January 31, 2016
The Big Implications of Big Data
Data generation isn’t slowing down. As noted by CloudTweaks, just 6 percent of data is now stored in physical format; the remaining 94 percent is digital. What’s more, 90 percent of all information created by humans has come into existence over the last two years. These are broad strokes but demand a specific response: Big data. By collecting, analyzing and then acting on this emerging stream of data, it’s possible for companies to capitalize on consumer or manufacturing trends before they become common knowledge. However, big data comes with big implications for business processes.
While adopting a big data solution can help manage the influx of data across network endpoints, it can’t stem the tide of this data or predict the speed or volume of informational “traffic.” As a result, companies must be prepared for changing traffic patterns across wide area networks (WANs) as they dig deeper into actionable data. The big implication here? That big data isn’t a “break” for local IT. Instead, it requires a new kind of oversight that focuses on network elasticity and agility to handle the changing demands of data streams.
According to Forbes, another implication of big data adoption is the problem of unknown questions. Data now multiplies at such a rate that it’s possible for companies to glean answers about almost anything — but if they aren’t asking relevant questions, these answers are meaningless. Running catch-all queries could produce a myriad of results detailing the behavior and preferences of customers; in isolation, however, these results often leave companies more confused than confident. The answer? Some organizations are turning to data scientists and other professionals to help design an ideal series of questions, while others curate their queries using line-of-business (LOB) outcomes to ensure results are actionable and timely.

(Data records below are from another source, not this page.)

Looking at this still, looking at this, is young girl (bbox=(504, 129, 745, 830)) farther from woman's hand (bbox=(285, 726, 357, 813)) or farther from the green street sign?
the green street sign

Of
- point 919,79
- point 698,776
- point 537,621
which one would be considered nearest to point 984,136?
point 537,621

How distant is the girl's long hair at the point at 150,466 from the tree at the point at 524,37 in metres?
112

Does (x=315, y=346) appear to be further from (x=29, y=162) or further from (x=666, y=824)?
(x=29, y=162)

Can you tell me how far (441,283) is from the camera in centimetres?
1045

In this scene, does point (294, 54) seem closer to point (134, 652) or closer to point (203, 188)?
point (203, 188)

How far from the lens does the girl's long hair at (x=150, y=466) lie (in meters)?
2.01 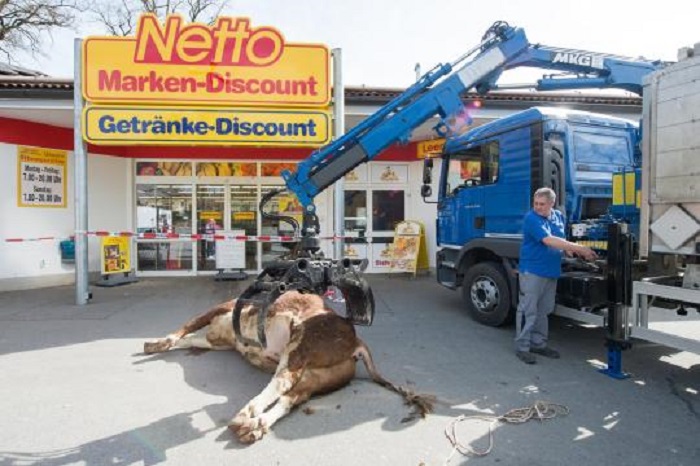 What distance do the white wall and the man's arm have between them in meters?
9.73

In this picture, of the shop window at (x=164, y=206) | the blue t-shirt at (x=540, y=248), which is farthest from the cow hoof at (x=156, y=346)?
the shop window at (x=164, y=206)

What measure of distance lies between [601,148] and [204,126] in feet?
19.8

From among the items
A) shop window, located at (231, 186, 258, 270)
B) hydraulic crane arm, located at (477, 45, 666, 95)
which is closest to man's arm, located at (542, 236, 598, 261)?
hydraulic crane arm, located at (477, 45, 666, 95)

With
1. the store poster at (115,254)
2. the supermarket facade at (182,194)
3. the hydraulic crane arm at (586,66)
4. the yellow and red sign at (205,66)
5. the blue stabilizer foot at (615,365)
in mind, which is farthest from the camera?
the store poster at (115,254)

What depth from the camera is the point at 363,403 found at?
12.6ft

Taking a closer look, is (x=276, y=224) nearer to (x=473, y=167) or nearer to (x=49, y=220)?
(x=49, y=220)

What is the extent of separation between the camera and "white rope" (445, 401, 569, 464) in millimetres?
3234

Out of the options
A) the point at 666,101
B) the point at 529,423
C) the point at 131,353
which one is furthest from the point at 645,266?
the point at 131,353

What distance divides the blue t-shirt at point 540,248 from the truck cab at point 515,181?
0.56m

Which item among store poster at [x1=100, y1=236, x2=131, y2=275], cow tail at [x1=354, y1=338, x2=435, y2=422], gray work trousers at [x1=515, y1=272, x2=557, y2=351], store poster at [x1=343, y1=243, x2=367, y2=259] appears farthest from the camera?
store poster at [x1=343, y1=243, x2=367, y2=259]

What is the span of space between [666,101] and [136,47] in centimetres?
754

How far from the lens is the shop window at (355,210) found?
11.9 m

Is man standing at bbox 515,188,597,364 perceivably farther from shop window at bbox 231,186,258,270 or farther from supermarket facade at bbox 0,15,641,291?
shop window at bbox 231,186,258,270

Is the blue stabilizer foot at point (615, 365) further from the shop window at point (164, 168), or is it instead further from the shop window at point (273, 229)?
the shop window at point (164, 168) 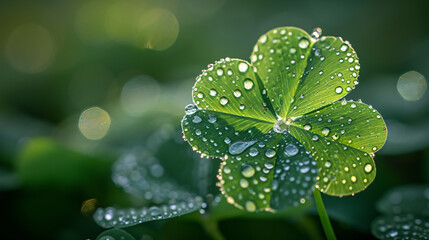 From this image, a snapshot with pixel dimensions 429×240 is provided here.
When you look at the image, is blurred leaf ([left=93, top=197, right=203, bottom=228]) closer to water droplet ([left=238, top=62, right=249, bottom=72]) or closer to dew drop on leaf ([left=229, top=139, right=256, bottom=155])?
dew drop on leaf ([left=229, top=139, right=256, bottom=155])

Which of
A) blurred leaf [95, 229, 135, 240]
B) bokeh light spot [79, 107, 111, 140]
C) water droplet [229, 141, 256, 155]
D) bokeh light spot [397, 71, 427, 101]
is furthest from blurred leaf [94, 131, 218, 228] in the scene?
bokeh light spot [397, 71, 427, 101]

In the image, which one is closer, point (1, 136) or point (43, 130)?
Result: point (1, 136)

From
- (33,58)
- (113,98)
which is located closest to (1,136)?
(113,98)

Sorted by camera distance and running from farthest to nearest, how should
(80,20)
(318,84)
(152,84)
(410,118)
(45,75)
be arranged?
(80,20)
(45,75)
(152,84)
(410,118)
(318,84)

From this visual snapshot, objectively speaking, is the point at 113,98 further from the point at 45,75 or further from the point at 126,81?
the point at 45,75

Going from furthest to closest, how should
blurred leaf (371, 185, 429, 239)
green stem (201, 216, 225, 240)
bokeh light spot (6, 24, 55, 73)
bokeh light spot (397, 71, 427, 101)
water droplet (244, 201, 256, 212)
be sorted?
bokeh light spot (6, 24, 55, 73), bokeh light spot (397, 71, 427, 101), green stem (201, 216, 225, 240), blurred leaf (371, 185, 429, 239), water droplet (244, 201, 256, 212)

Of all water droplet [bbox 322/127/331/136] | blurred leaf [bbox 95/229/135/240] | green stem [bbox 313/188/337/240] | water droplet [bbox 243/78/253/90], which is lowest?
blurred leaf [bbox 95/229/135/240]
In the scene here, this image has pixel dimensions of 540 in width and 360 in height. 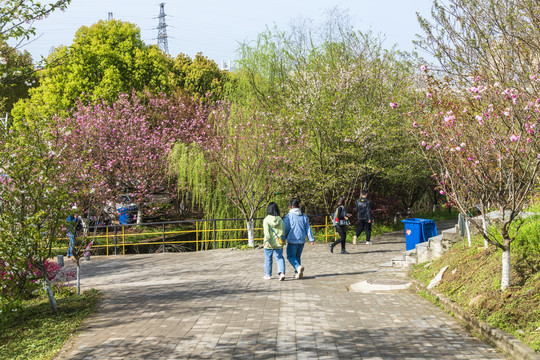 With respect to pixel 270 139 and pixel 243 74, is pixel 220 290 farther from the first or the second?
pixel 243 74

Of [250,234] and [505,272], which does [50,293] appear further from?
[250,234]

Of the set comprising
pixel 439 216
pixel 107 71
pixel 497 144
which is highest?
pixel 107 71

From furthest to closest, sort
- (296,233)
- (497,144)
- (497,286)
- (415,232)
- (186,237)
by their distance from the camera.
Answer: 1. (186,237)
2. (415,232)
3. (296,233)
4. (497,286)
5. (497,144)

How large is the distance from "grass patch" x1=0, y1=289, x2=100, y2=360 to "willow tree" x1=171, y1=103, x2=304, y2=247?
32.4 ft

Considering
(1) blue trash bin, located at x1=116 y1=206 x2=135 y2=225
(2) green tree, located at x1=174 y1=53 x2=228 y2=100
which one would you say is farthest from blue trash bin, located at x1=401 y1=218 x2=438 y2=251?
(2) green tree, located at x1=174 y1=53 x2=228 y2=100

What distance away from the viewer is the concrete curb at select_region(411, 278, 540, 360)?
5.94 metres

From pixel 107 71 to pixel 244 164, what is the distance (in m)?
20.3

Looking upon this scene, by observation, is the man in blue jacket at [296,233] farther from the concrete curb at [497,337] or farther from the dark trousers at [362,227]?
the dark trousers at [362,227]

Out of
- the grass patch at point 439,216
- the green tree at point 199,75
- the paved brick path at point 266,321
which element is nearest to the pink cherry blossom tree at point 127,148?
the grass patch at point 439,216

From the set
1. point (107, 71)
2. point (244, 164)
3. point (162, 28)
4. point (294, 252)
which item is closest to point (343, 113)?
point (244, 164)

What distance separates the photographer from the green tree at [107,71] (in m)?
37.0

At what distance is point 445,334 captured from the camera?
23.7 ft

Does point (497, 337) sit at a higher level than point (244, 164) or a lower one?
lower

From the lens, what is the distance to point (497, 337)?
21.7ft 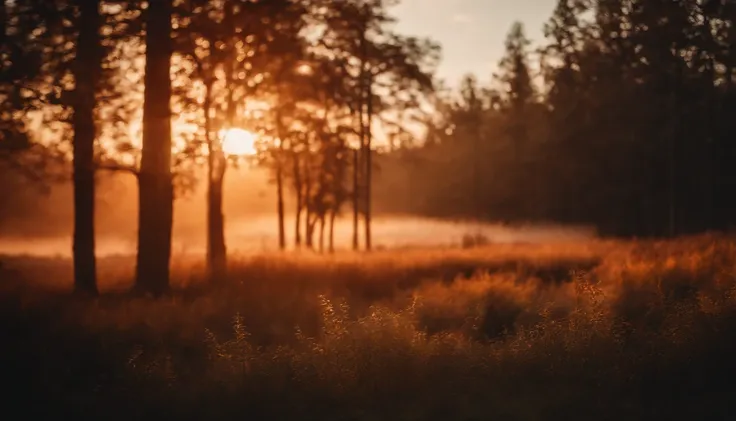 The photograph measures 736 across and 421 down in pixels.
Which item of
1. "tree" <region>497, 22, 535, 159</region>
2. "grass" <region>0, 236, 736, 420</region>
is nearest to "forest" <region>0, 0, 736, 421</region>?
"grass" <region>0, 236, 736, 420</region>

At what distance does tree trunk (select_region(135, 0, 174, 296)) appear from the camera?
1245 centimetres

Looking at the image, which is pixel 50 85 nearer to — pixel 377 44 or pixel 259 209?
pixel 377 44

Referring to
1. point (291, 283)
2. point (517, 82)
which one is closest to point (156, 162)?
point (291, 283)

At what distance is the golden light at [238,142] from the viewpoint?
20766 mm

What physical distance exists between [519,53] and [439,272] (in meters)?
60.1

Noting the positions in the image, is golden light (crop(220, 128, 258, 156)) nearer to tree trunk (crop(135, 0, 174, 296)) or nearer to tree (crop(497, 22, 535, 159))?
tree trunk (crop(135, 0, 174, 296))

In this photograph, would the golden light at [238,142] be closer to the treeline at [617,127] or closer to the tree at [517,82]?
the treeline at [617,127]

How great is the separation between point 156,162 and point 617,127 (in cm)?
4090

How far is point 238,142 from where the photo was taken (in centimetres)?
2152

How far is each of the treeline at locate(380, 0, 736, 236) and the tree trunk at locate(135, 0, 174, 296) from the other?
1800 centimetres

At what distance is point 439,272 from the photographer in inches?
760

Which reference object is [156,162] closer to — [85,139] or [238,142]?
[85,139]

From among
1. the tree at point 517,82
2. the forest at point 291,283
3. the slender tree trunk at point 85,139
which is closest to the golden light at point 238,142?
the forest at point 291,283

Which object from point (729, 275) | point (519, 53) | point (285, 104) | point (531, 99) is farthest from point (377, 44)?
point (531, 99) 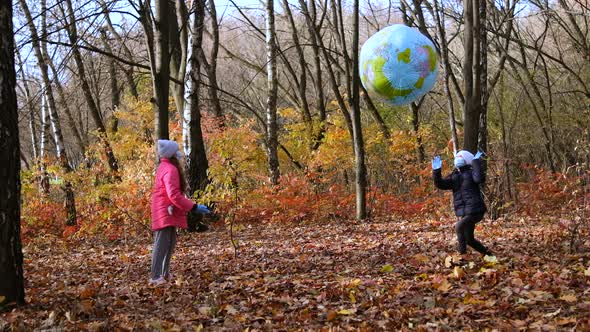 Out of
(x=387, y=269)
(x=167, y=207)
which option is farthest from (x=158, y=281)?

As noted by an IBM Redbook Whitepaper, dealing with big data can have serious implications for network performance, especially when it comes to managing workloads. For example, many businesses rely on multiple Hadoop nodes to effectively distribute processing tasks across their infrastructure, but if one of these nodes fails, the results can range from restarted analysis to massive network slowdown — in turn crippling other critical systems. Here, the solution lies with performance on demand — companies must partner with providers that allow resource increases or reductions on the fly.
Not all big data implications come with warnings and worry. Properly managed, big data volumes offer the potential for high-speed insight that not only draws from existing data sources, but also leverages data in transit to produce real-time, actionable results. Put simply, with the right infrastructure in place, companies can meet big data on their own terms and ensure that relevant relationships are never ignored. Achieving this goal means meeting the challenges of access latencies, rapid interpretation and response times. Though with the right vendor partnerships, companies can offload much of this work to responsible third parties and instead focus on end results.
Considering the adoption of a big data solution? Be prepared; going big means dealing with traffic patterns, question volumes and performance permeability to achieve insight at speed.